▸ **How to complete this task**
Check every line of the entries below for the word "white", and copy the ones that have it.

▸ **Given data**
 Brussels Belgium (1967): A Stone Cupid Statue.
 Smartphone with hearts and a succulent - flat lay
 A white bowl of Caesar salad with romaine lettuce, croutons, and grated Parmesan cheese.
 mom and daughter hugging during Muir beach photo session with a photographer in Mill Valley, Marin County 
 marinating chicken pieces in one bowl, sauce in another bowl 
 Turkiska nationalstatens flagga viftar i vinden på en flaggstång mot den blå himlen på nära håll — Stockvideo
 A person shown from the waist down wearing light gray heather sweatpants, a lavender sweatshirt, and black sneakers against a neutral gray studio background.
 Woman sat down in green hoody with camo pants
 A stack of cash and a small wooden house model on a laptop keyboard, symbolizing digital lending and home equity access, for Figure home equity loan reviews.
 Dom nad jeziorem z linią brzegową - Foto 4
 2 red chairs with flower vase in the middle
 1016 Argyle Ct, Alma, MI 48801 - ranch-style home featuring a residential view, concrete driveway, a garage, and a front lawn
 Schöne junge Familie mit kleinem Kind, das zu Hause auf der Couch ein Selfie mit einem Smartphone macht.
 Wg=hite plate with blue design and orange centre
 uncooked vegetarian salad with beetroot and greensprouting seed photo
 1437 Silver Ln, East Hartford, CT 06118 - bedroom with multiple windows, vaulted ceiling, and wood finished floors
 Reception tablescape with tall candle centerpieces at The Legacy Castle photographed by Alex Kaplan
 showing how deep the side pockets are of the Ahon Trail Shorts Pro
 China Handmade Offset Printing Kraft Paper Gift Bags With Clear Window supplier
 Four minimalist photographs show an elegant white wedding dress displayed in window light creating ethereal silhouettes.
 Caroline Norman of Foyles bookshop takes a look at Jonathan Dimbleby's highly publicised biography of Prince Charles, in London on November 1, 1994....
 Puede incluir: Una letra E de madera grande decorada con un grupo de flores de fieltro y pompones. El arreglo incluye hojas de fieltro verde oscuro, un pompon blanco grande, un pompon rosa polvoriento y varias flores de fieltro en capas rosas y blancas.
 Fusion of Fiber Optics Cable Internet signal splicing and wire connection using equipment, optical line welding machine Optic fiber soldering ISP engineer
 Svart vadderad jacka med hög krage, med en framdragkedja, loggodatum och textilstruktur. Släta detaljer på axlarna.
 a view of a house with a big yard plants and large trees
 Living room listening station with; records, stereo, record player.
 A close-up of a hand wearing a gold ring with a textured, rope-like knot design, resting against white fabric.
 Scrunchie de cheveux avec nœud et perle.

▸ **Task output**
 A white bowl of Caesar salad with romaine lettuce, croutons, and grated Parmesan cheese.
 Four minimalist photographs show an elegant white wedding dress displayed in window light creating ethereal silhouettes.
 A close-up of a hand wearing a gold ring with a textured, rope-like knot design, resting against white fabric.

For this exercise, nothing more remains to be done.